Les perspectives offertes sont séduisantes et intéressent fortement les firmes commercialisant des dents artificielles du commerce. Dans ce cas, l’empreinte primaire et la relation intermaxillaires sont réalisées par une empreinte optique. Le porte empreinte individuel est modélisé et usiné. Il permet une empreinte secondaire classique. Cette empreinte, une fois numérisée, est superposée à l’empreinte primaire. Le laboratoire dispose ainsi de tous les éléments nécessaires à l’élaboration d’une prothèse adjointe complète selon une technique CFAO intégrale.
Conclusion
La réalisation d’une empreinte optique intra orale obéit aux mêmes exigences et conditions de réalisation qu’une empreinte physco-chimique. Les caméras en empreinte optique n’enregistrent que les structures parfaitement visibles et ne vont pas à la différence des matériaux utilisés lors d’une empreinte physico chimique défléchir les tissus ou enregistrer la dualité tissulaire. Lors de la réfection d’anciennes prothèses présentant des limites de préparation intra sulculaires profondes, l’empreinte optique peut, dans certains cas atteindre ses limites.

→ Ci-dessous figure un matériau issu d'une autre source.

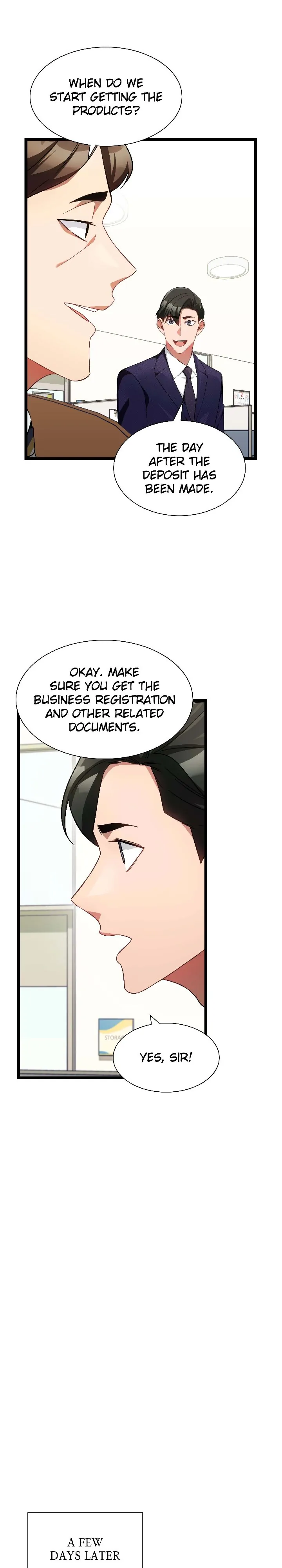 The Genius Sales Person: Mind Reader Chapter 59 - page 14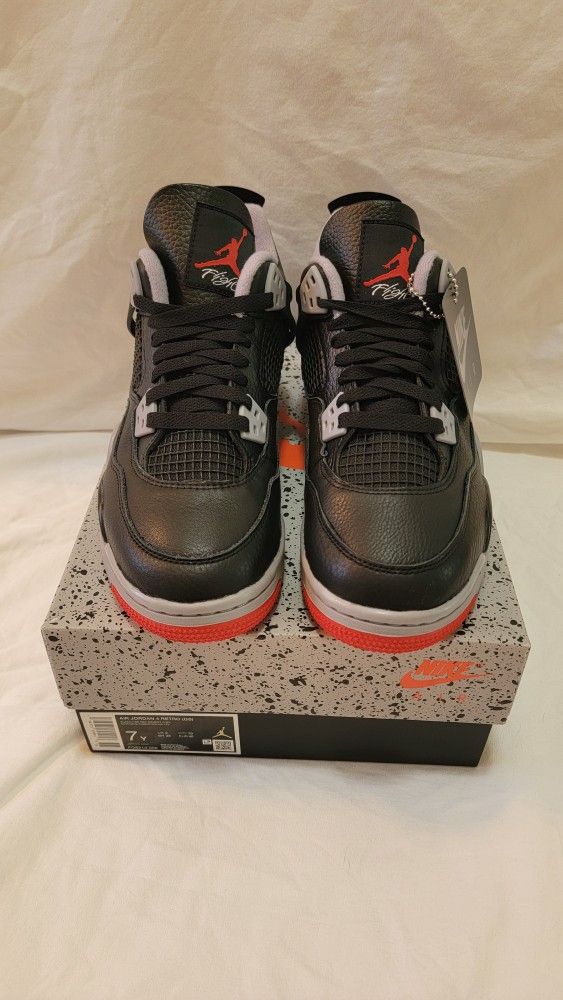 Jordan 4 Retro Bred Reimagined GS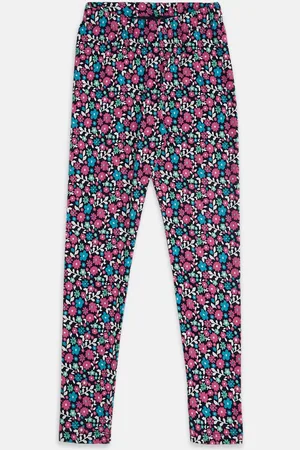 Pantaloons Girls Printed Cotton Leggings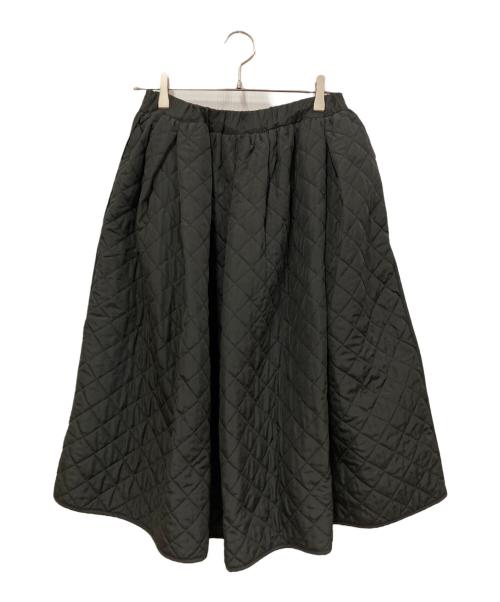 Gypsohila（ジプソフィア）Gypsohila (ジプソフィア) キルティングスカート ブラック サイズ:SIZE Freeの古着・服飾アイテム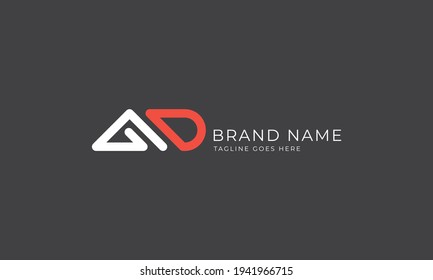 Design-Vorlage für ein Letter-Logo
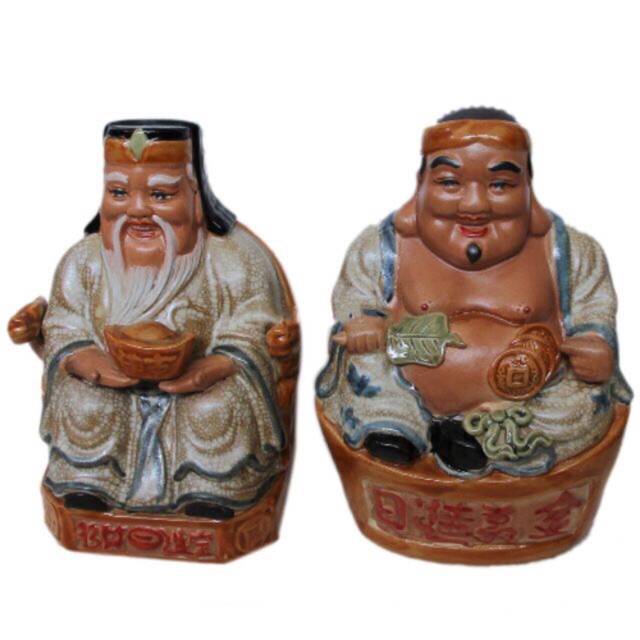 Bộ tượng thần tài- địa 22cm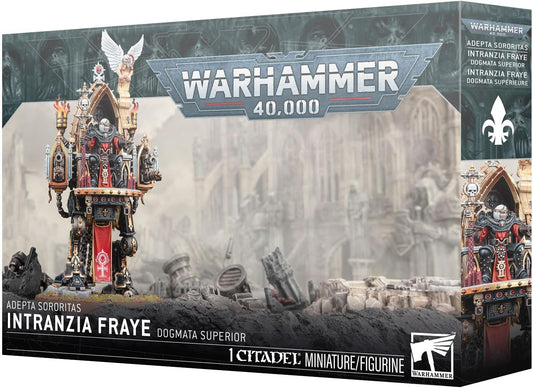 Games Workshop - Warhammer 40,000 - Adepta Sororitas: Intranzia Fraye Dogmata Superior
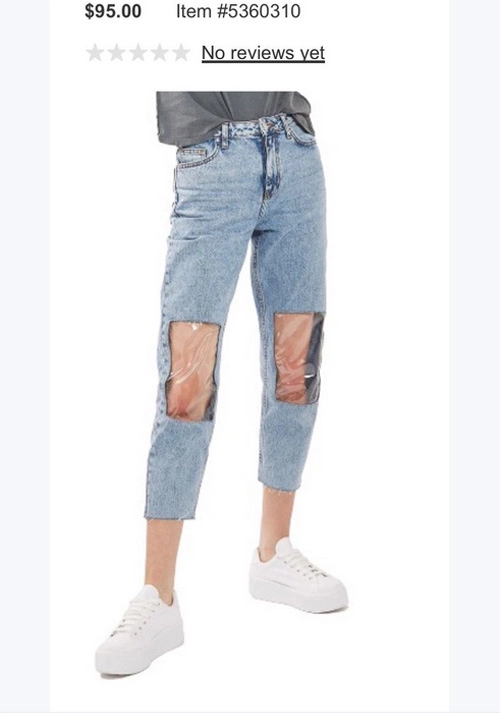 Những chiếc quần jeans khiến người mặc vừa thích vừa longay ngáy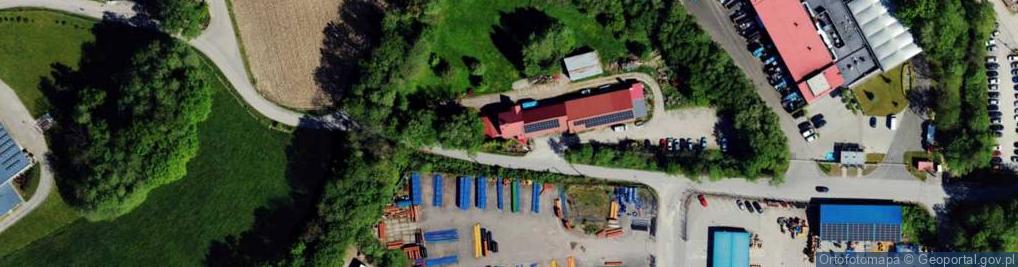 Zdjęcie satelitarne Mazańcowice ul.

Lors de la réalisation d’une empreinte optique intra-orale, le praticien se doit de :
- respecter les principes et règles de préparation liés aux matériaux utilisés
- maîtriser les techniques d’accès aux limites cervicales
- se former à la gestuelle de l’empreinte otique
- se conformer aux exigences de l’empreinte optique
- connaitre les biomatériaux et les procédures d’adhésions.
Le respect de règles et protocoles de réalisation codifiés, le sens et l’observation clinique doivent guider nos gestes cliniques, que nous réalisions une empreinte physico chimique ou optique intra orale pour restaurations céramo-céramique. Au-delà de l’opposition des techniques de prise d’empreinte, l’empreinte optique intraorale est efficace et séduisante, elle nécessite un apprentissage pour en tirer tous les atouts au-delà du domaine de la prothèse fixée dento-portée et une connaissance pleine et entière de nos prothésistes techniciens de laboratoire qui rappelons-le sont équipés aujourd’hui à plus de 43% d’un système de CAO-FAO contre 3 à 4 % des praticiens en CFAO directe et semi-directe. Leur expertise, leur compétence dans ce domaine sont un atout majeur pour œuvrer au bien-être de nos patients et répondre à la demande esthétique et fonctionnelle.